# What the task requires
The whole listing below needs to be duplicated exactly, pictures aside.

# Given material
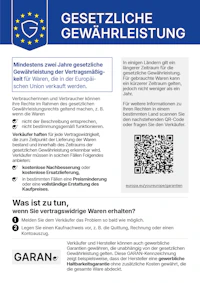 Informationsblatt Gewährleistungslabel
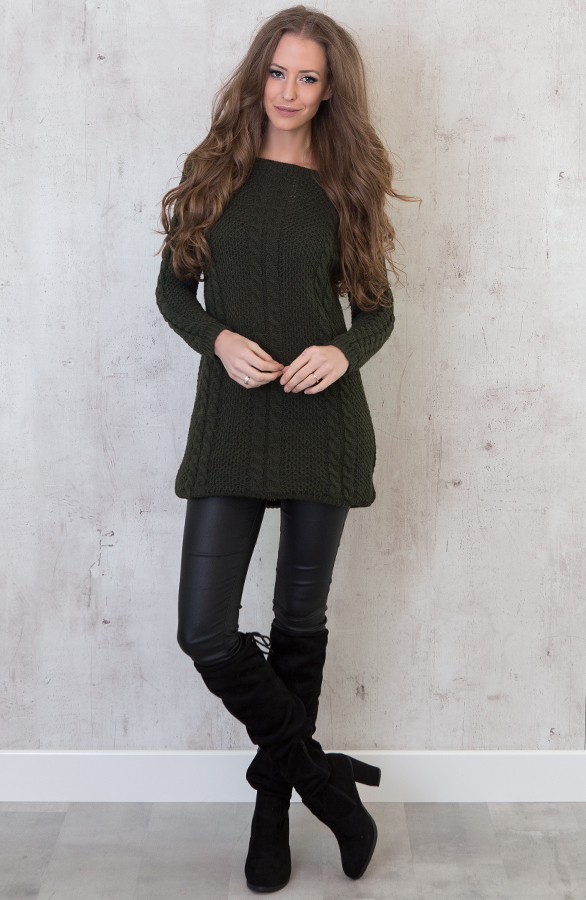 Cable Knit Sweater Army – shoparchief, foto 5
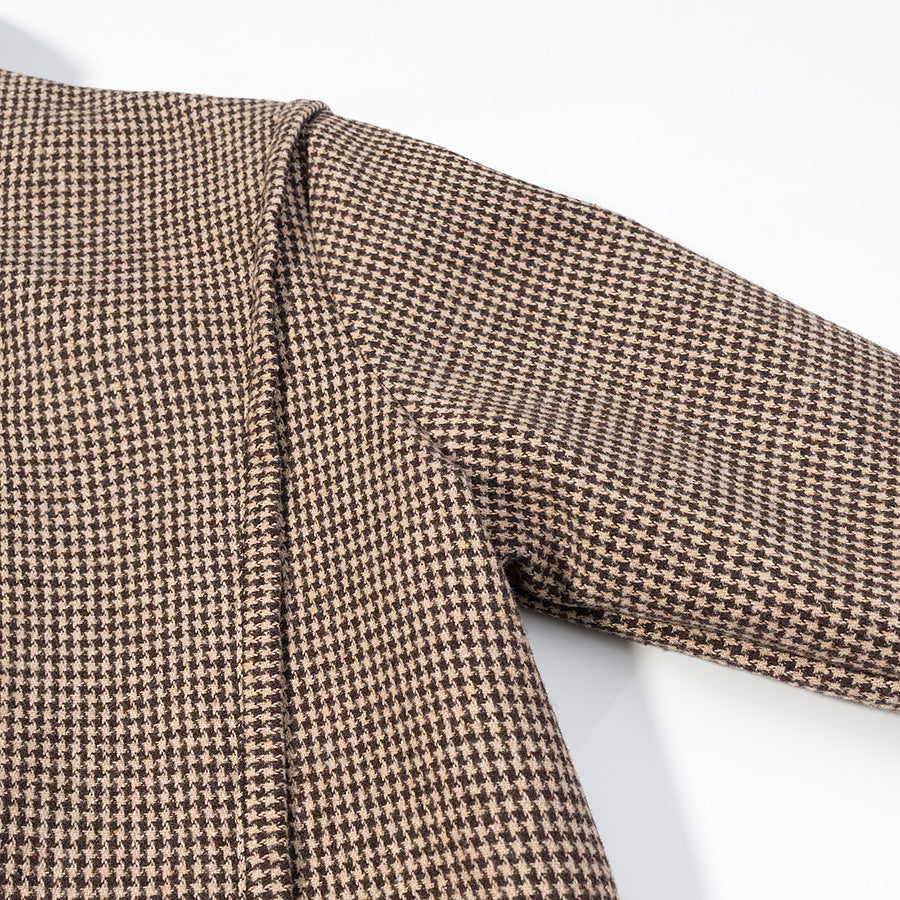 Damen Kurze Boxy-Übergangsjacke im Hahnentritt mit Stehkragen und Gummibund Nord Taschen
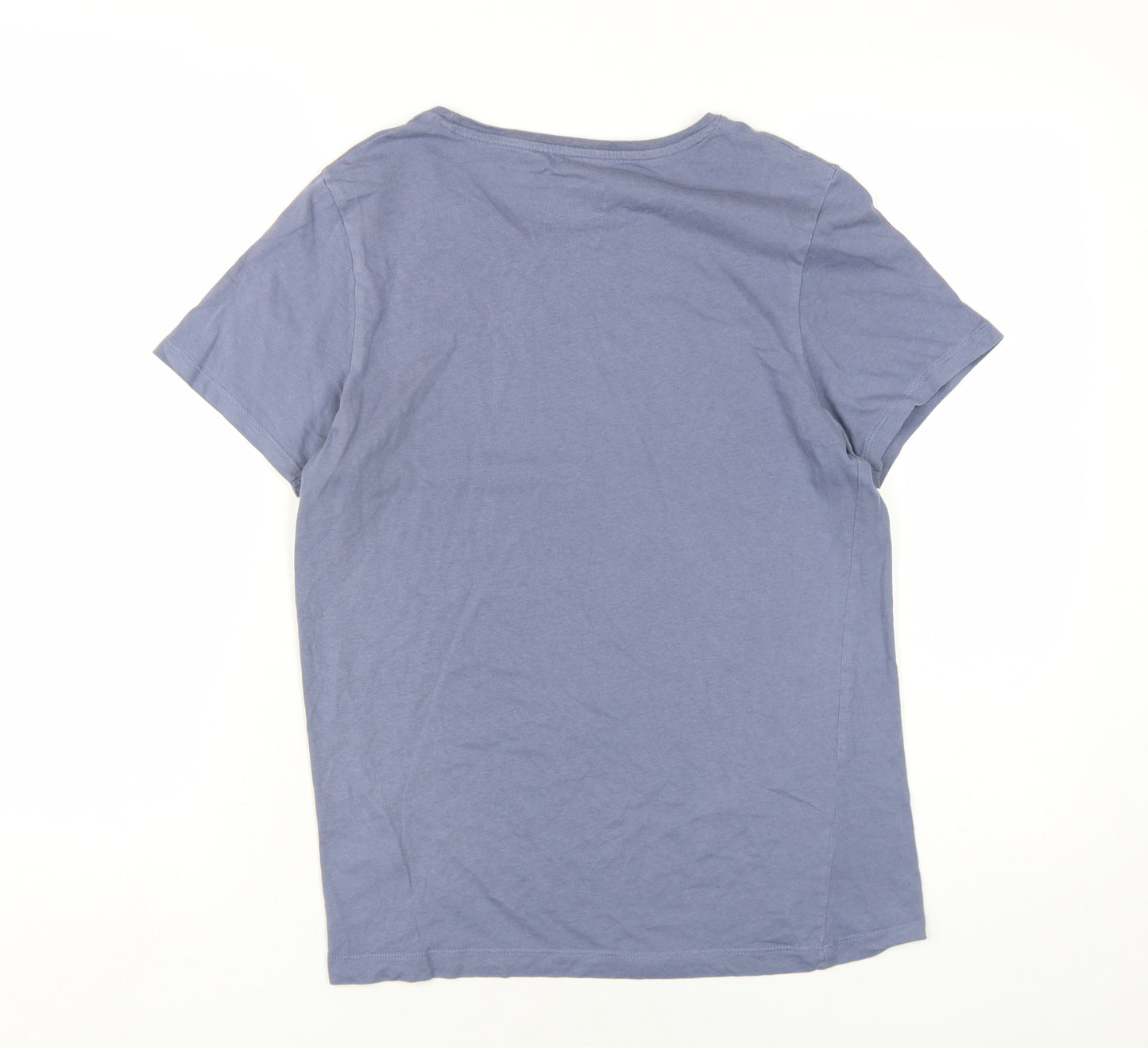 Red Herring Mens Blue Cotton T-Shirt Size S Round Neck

# Solution for this exercise
 Informationsblatt Gewährleistungslabel
 Cable Knit Sweater Army – shoparchief, foto 5
 Damen Kurze Boxy-Übergangsjacke im Hahnentritt mit Stehkragen und Gummibund Nord Taschen
 Red Herring Mens Blue Cotton T-Shirt Size S Round Neck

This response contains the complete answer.